Anybody have experience/owned  a night vison scope. Gen 1 from either ATN or Yukon?  How did they perform? Do  you have one now?  Any dealers close to Cumming?


----------



## BornToHuntAndFish (Apr 23, 2009)

The forum's JAGER has extensive experience in the military & night hunting of hogs using night vision & thermal imaging optics, scopes, and cameras, while being very successful this type of gear.  Learn more at his web site:  

http://www.jagerpro.com/ 


Good luck in whatever you decide.


----------



## patton72 (Apr 23, 2009)

*Scopes*

Need to remember too.  Theres night vision and theres thermal.  Night vision are much cheaper.  Thermal-  well i cant afford one but i wished i could.  There the best.


----------



## dbodkin (Apr 23, 2009)

Thermal  is way out of my budget.  I am looking at only GEN1 or possibily GEN2 night vision.  Even the low end stuff GEN1 is  pretty expensive. Just looking for inputs if anyone has used GEN1 scopes.


----------



## holton27596 (Apr 23, 2009)

I have been pleased with my yukon.


----------



## davis211 (Apr 24, 2009)

I have an older NAIT Viper Gen 3 - LOVE IT!  Gen 3 is awsome compared to gen 1 - haven't used a gen 2.


----------



## Cornelia_Hiker (Apr 24, 2009)

Just look over all NVS's on ebay.

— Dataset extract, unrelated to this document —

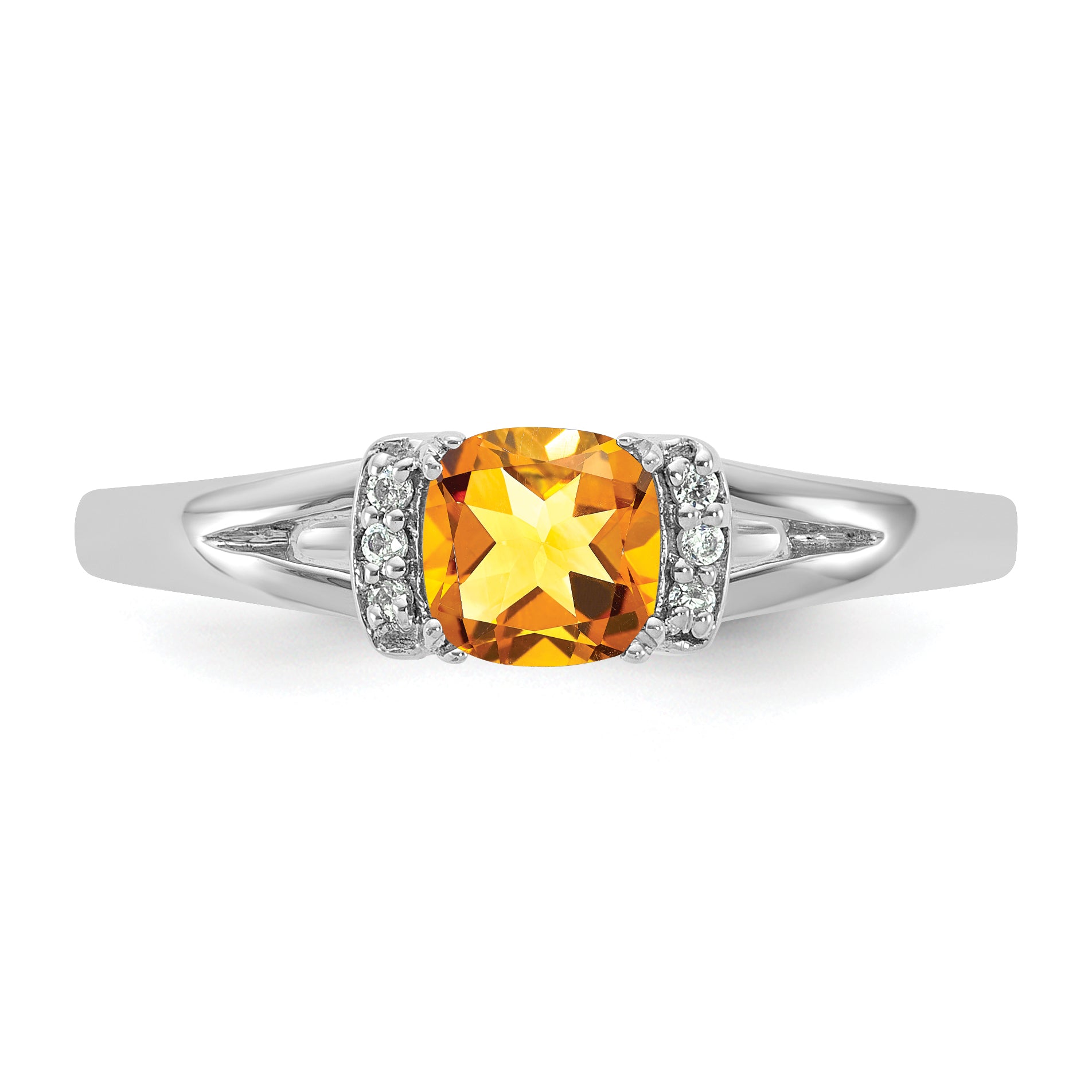 14K White Gold Polished Diamond and Citrine Fashion Ring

Every brand, shape and style...and price...you can imagine. But this will give you a great idea of what's out there and what you can expect to pay. 

Good luck


----------



## sghoghunter (Apr 24, 2009)

Have a gen 1 and have used a gen 3 and dont waste ya money on the gen 1.Save ya money and get you a thermal its well worth the money.


----------



## dbodkin (Apr 24, 2009)

sghoghunter said:


> Have a gen 1 and have used a gen 3 and dont waste ya money on the gen 1.Save ya money and get you a thermal its well worth the money.

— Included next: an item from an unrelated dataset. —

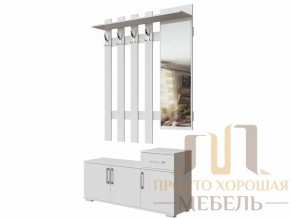 Вешалка с зеркалом 1,0 м №3 Ясень Анкор светлый в Режи - rezh.magazin-mebel74.ru | фото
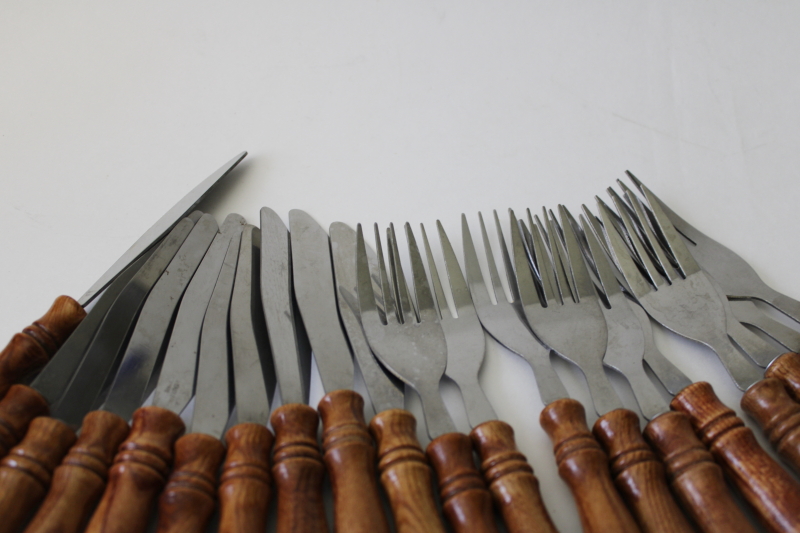 photo of vintage wood handled stainless flatware, primitive country cottage kitchen style #4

Thanks for the advice but cant justify $10-15K for a scope..   What is the biggest issue with a Gen I?  Clarity? Range?  Really wish I could see and test one locally...


----------



## gatorbob (Apr 25, 2009)

*night vision*

I have  an ATN NV-360  (monocular) Gen 1. The biggest issue is $. Substantial price difference between genrations. Also image quality, range etc. Mine has an infared illuminator which helps in very low lite conditions (no moon) Also comes with a doubler to increase range. Overall, its adequate but don't expect to much. Iv'e never used the next generation so I have no basis for comparison other than what I have heard.


----------



## BornToHuntAndFish (Apr 28, 2009)

dbodkin said:


> Thermal  is way out of my budget.  I am looking at only GEN1 or possibily GEN2 night vision.  Even the low end stuff GEN1 is  pretty expensive. Just looking for inputs if anyone has used GEN1 scopes.



In case you did not see it, Jager gave us great info on NightVision scopes in the forum's Hog Hunting section on Post #3 at:  

http://forum.gon.com/showthread.php?t=341056


----------



## dbodkin (Apr 28, 2009)

Thanks for the  link to Jager's info .. Interesting stuff.. I'm looking into an Elcan Day/Night digital scope  as well...


----------



## gobblingghost (Sep 18, 2009)

I had one several years ago. I think it was a AMT Gen 1+. I found mine in a pawn shop.


----------



## sniper13 (Nov 17, 2011)

I need another NV Monocular. My Nightowl, gen 1 died after only18yrs. Guess they don't make things like they used to.


----------



## whchunter (Dec 26, 2011)

*Sight-In*

Do you sight in these scopes just as you would a normal scope?  I see you can use them in daylight as well as night.


----------